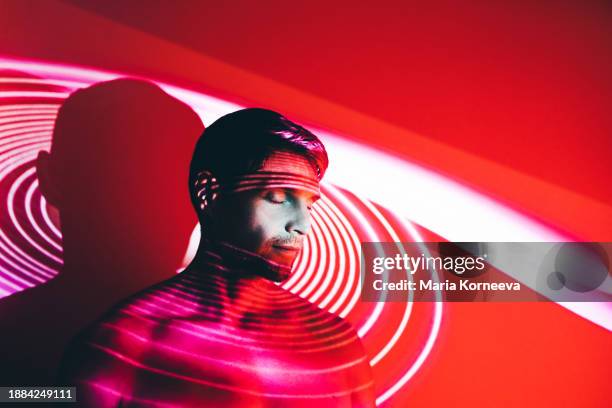 man covered by colorful abstract patterns projected onto his face. - lightning bolt pose - fotografias e filmes do acervo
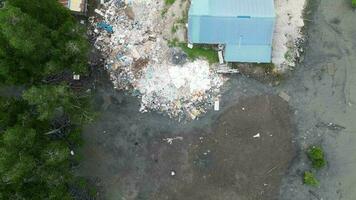 Aerial view look down rubbish dump near a house at rural area video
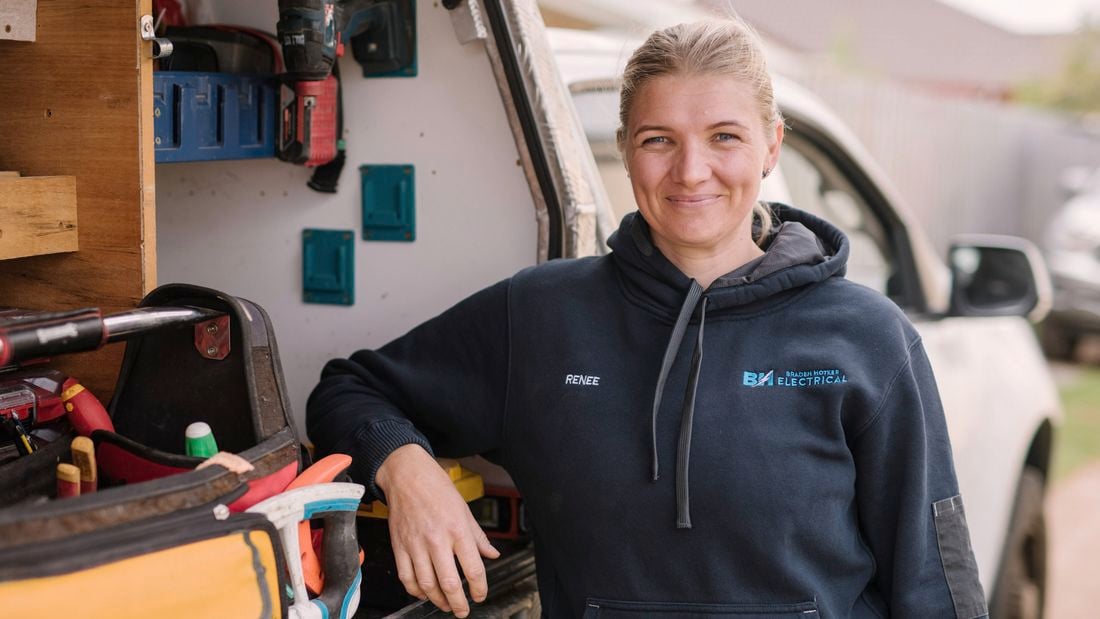 A smiling Women In Apprenticeships Awards winner 2025 Renee Evans stands beside her work ute.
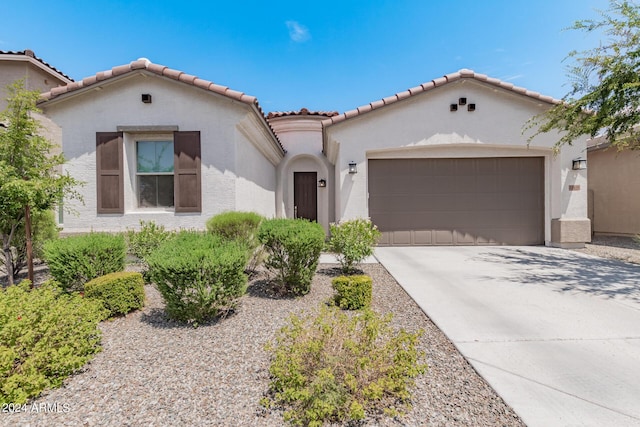 mediterranean / spanish house featuring stucco siding, a garage, and concrete driveway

• • • •

ABOUT THIS TASK :: Pictures are to be left out; repeat all the remaining data exactly.

FINISHED TASK ::
 man covered by colorful abstract patterns projected onto his face. - lightning bolt pose - fotografias e filmes do acervo
 Aerial view look down rubbish dump near a house at rural area video
 A smiling Women In Apprenticeships Awards winner 2025 Renee Evans stands beside her work ute.
 mediterranean / spanish house featuring stucco siding, a garage, and concrete driveway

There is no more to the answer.